Turkish security forces have been accused of repeated human rights violations, including the massacre of civilians and the destruction of Kurdish homes in order to change the demographics of neighbourhoods, in their ongoing campaign against the PKK in urban centres in the mainly Kurdish southeast. 


Muraz Adzhoev | 5/6/2016
If the state of Turkey wants to defeat organizations of political or religious terrorism and radical ideological anarchism of any kind in order to provide peace, social stability, unity and integrity in the country, then the state authorities must solve the key Kurdish national issue by means and through overwhelming constitutional democratic reforms.

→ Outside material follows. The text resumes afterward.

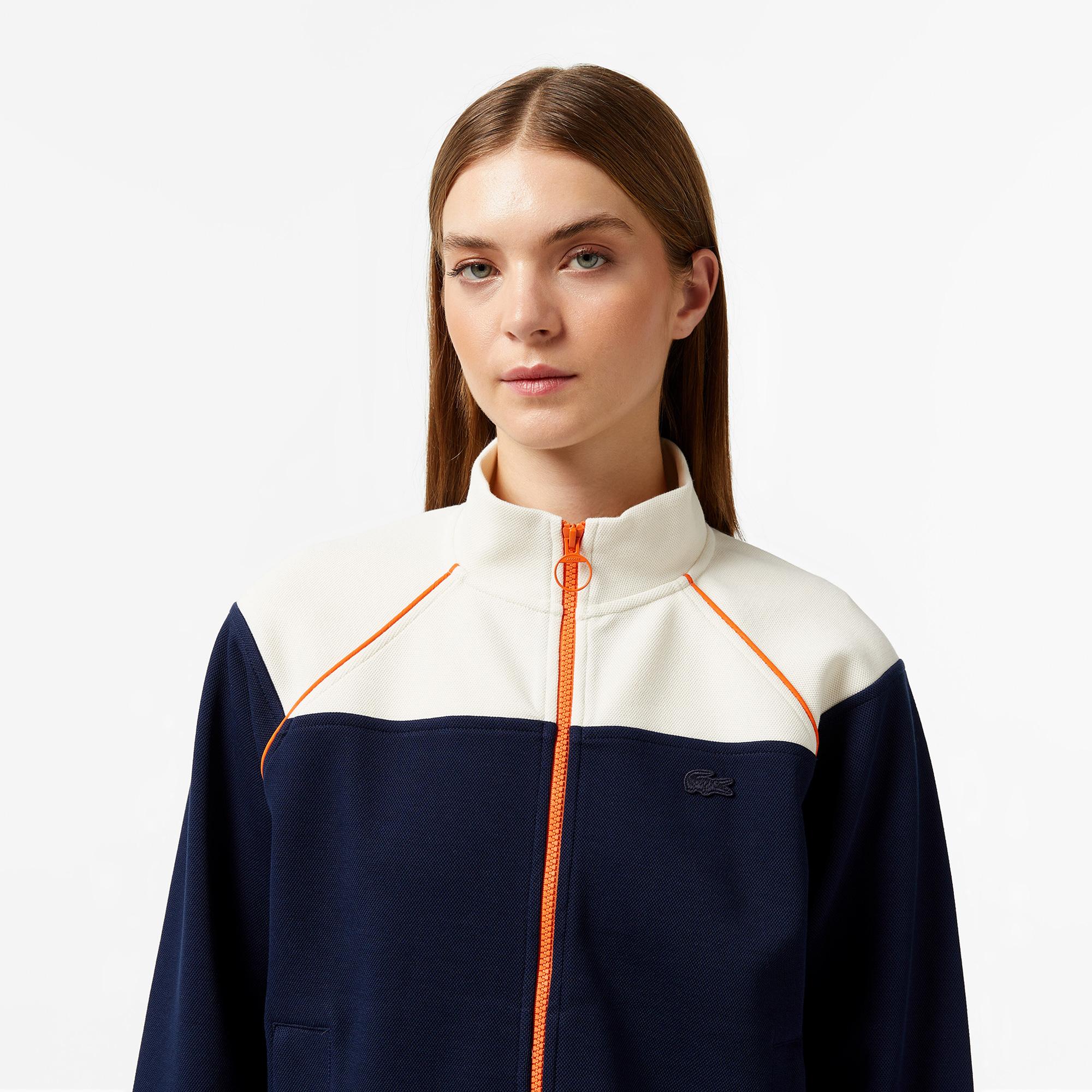 Kadın Relaxed Fit Dik Yaka Lacivert Sweatshirt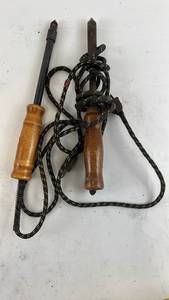 lot 266 image: Set of 2 Vintage Electric Soldering Irons with Wooden Handles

The President and the Government must start fruitful official negotiations with the true Kurdish patriotic political parties interested in developing powerful united and integrated Turkey, provided that the national rights and freedoms of the Kurdish people are respectfully and lawfully guaranteed and Northern Kurdistan autonomous region established in favor of the country. There is no need at all for so called "preventative strikes" in urban-rural areas of Northern Kurdistan to fight against PKK leadership. The state of Turkey should respect the national rights of the Kurdish people first and foremost to fully defeat PKK's destructive policy and ideology.
selfie | 6/6/2016
Ankara shoots then shits itself in the foot. Come on Ankara you can't defeat Kurds, we're not some small insignificant minority anymore, and we're more stubborn than you Turks. Either you learn to live with us as equals and partners or we'll take you down with us.
Turkeywantswar | 6/6/2016
Turkey is not following international rules. They should not be surprised when other groups/countries start to behave in a similar way towards them.
American | 6/6/2016
Adopt all the Militaristic Policies you want you can never quash an ethic group's determination to gain their human rights.
Sluth | 7/6/2016
I have been reasonably good at predicting moves by Obama, Putin and most of the regional combatants. I can also see where Iran's national interests lie vis a vis Iran's approach to both Syria and Iraq. All of this counts for very little because I have no capacity to understand the Turkish Government or to predict that Government's next moves. Nothing the Turkish Government does seems logically linked to long term national interest, be that from a Kemalist perspective or a soft pan-Islamist perspective. Current polices also inhibit the longer term possibility of a family (patronage styled) dynasty emerging. There have been some benefactors. Turkish policy incoherence has until now played into Iran's hands. Luckily I don't see any Kurdish faction remaining a long term proxy of Iran. As an intended consequence or not, Turkey's war with the PKK clearly inhibits the capacity of the KRG to successfully declare independence (for a multitude of obvious reasons). Pre-emptive attacks?? Does this mean trying to locate and destroy thousands of scattered dug outs and sleeping ditches in the Qandil Mountains? Does it mean shelling Rojava with US Special Forces embedded there? Does it mean targeting PKK leadership structures (somewhere amongst the dugouts)? I don't have any ideas as to where this is going or why but, more importantly, neither does anyone else.